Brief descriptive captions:
= = =
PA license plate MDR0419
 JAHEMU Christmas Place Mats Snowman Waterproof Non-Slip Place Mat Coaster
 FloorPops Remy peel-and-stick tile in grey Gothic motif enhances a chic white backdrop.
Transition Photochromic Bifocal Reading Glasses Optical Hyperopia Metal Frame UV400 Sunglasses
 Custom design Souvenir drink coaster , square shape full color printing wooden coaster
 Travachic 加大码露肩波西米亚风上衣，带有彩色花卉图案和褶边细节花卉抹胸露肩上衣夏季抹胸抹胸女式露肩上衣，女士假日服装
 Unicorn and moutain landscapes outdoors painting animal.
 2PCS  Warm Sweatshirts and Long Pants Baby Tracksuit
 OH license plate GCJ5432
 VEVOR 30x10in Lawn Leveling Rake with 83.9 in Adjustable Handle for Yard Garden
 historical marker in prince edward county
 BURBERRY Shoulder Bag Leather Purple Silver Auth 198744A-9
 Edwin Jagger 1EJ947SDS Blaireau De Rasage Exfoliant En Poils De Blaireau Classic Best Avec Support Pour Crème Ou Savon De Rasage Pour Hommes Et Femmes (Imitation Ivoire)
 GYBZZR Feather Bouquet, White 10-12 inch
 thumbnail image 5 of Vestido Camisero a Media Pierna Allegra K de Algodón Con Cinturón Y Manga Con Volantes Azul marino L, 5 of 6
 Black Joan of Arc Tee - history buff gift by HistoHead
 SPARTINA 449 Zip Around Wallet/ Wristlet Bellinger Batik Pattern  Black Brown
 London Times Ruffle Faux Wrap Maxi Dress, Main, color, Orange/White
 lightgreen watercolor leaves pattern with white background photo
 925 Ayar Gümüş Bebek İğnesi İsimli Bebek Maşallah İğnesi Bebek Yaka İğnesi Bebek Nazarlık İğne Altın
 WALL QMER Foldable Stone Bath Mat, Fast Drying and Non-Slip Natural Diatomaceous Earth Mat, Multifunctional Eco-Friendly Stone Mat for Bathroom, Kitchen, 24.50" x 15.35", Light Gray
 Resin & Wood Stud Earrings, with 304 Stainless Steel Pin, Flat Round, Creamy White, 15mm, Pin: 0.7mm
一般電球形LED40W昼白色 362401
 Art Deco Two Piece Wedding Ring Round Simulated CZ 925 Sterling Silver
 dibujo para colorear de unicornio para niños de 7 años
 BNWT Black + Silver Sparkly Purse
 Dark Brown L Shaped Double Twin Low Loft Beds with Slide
= = =
Aim of the task: Every line in the data above that includes the word "Slip" should be copied.

Exercise answer:
 JAHEMU Christmas Place Mats Snowman Waterproof Non-Slip Place Mat Coaster
 WALL QMER Foldable Stone Bath Mat, Fast Drying and Non-Slip Natural Diatomaceous Earth Mat, Multifunctional Eco-Friendly Stone Mat for Bathroom, Kitchen, 24.50" x 15.35", Light Gray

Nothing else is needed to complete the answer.